There will be a small number of children with Customs and Border Protection who will not be immediately reunited with their families. Reasons for delay may include if relationships can’t be confirmed or if authorities think there’s a risk to the child.
At the border, the government is trying to clear up who gets prosecuted and who does not. Confusion, however, hasn’t stopped border crossings.
Video captures the moment four people tried to illegally cross into the U.S. through a canal system in El Paso. Agents pulled them to safety.
"It may look calm on the surface. The undercurrents are very dangerous," one agent said.
These cases will end up at courthouses along the border, where confusion stemming from President Trump’s executive order is settling in.
Shane McMahon’s client from El Salvador was charged with crossing into the U.S. illegally. He was separated from his 16-year-old son, and on Friday, those charges were suddenly dropped.

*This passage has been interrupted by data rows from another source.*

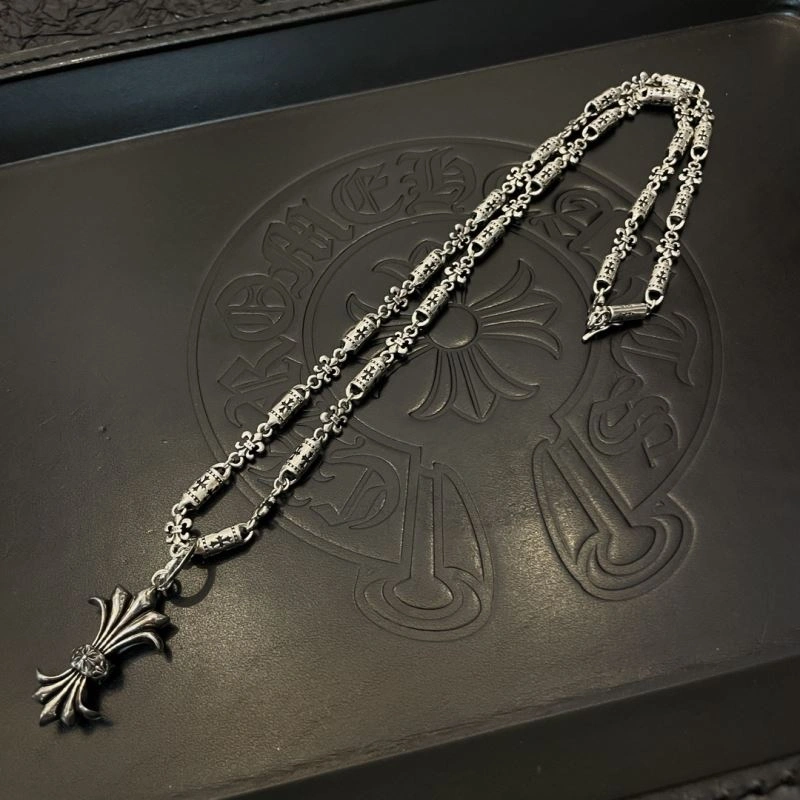 Elegant Chrome Hearts Necklaces 241545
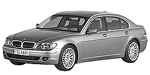 BMW E65 P3288 Fault Code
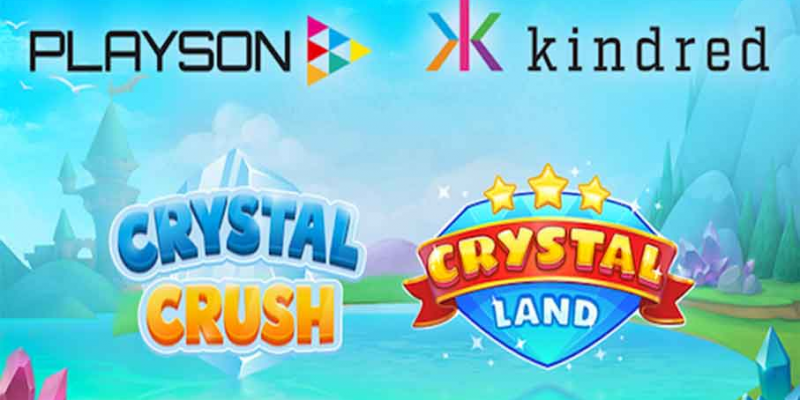 Playson Games Now Available on Kindred Group Brands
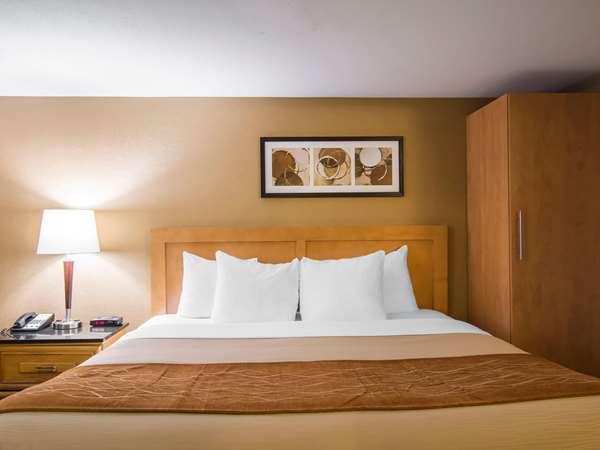  - Comfort Inn Quebec Airport East Ancienne Lorette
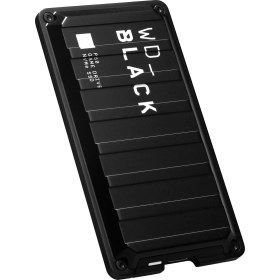 Resim Western Digital 500 GB Black P50 Game Drıve Taşınabilir SSD WDBA3S5000ABK-WESN 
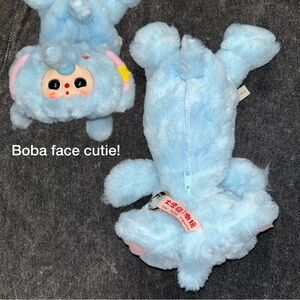 Baby Three Pencil Pouch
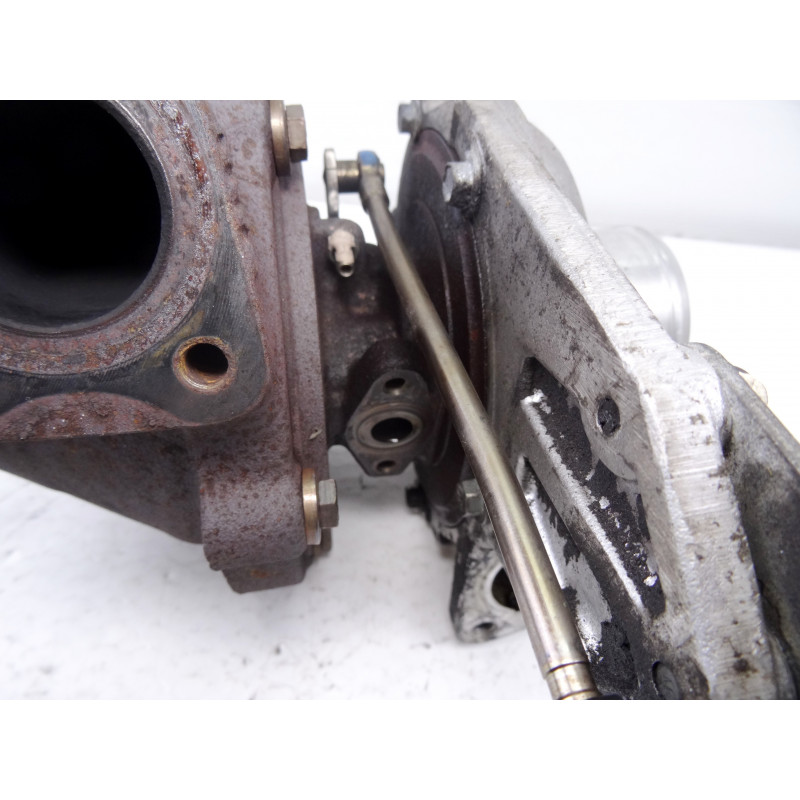 55570748 TURBOCOMPRESOR OPEL INSIGNIA BERLINA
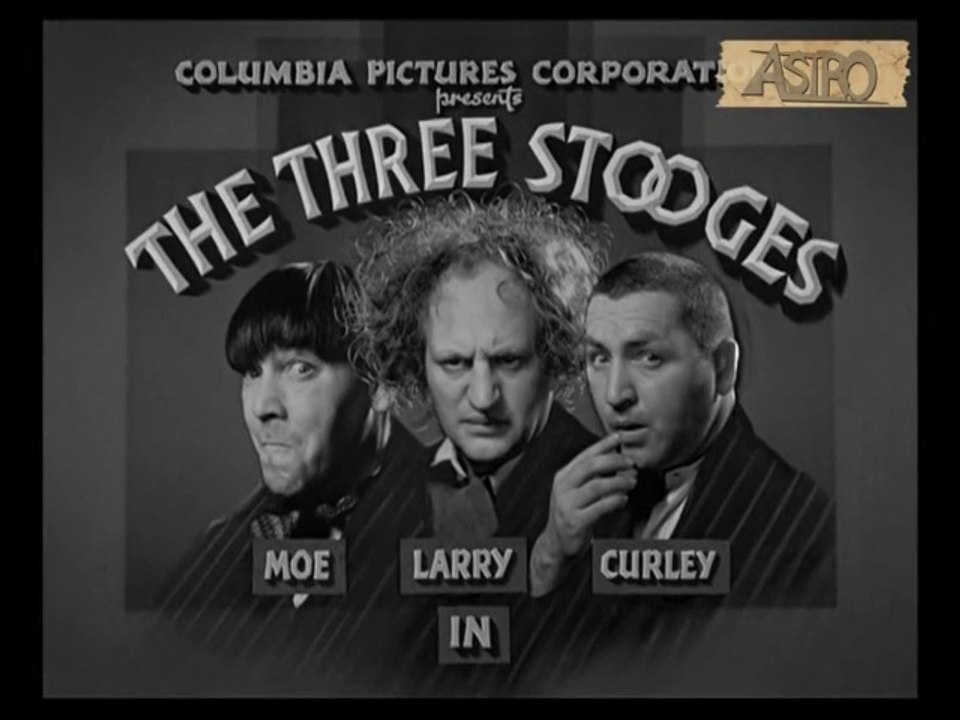 Los Tres Chiflados Latino 005 - Chiflados a la Horca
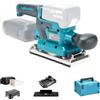 MAKITA Levigatrice orbitale Makita DBO382ZJ 18V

"I think what’s happening is that everybody’s trying to figure out how the order applies to us and what to do with it," McMahon said.
The Trump administration says that nearly 500 children have been reunited with family. More than 1,800 remain separated from parents, who are desperate for answers.
Handwritten notes saying "I do not know when i"ll be able to see my child again" are included in a lawsuit filed against the government by a jailed mother trying to find her child.
But Friday morning in Maryland, after nearly a month of separation, it was an emotional reunion for Beata Mejia-Mejia and her 7-year-old son, Darwin. They walked most of the way from Guatemala, crossing into the U.S. illegally when they saw American flags near the Arizona border.
Mejia-Mejia says they had no idea what a port of entry was or that they were breaking the law.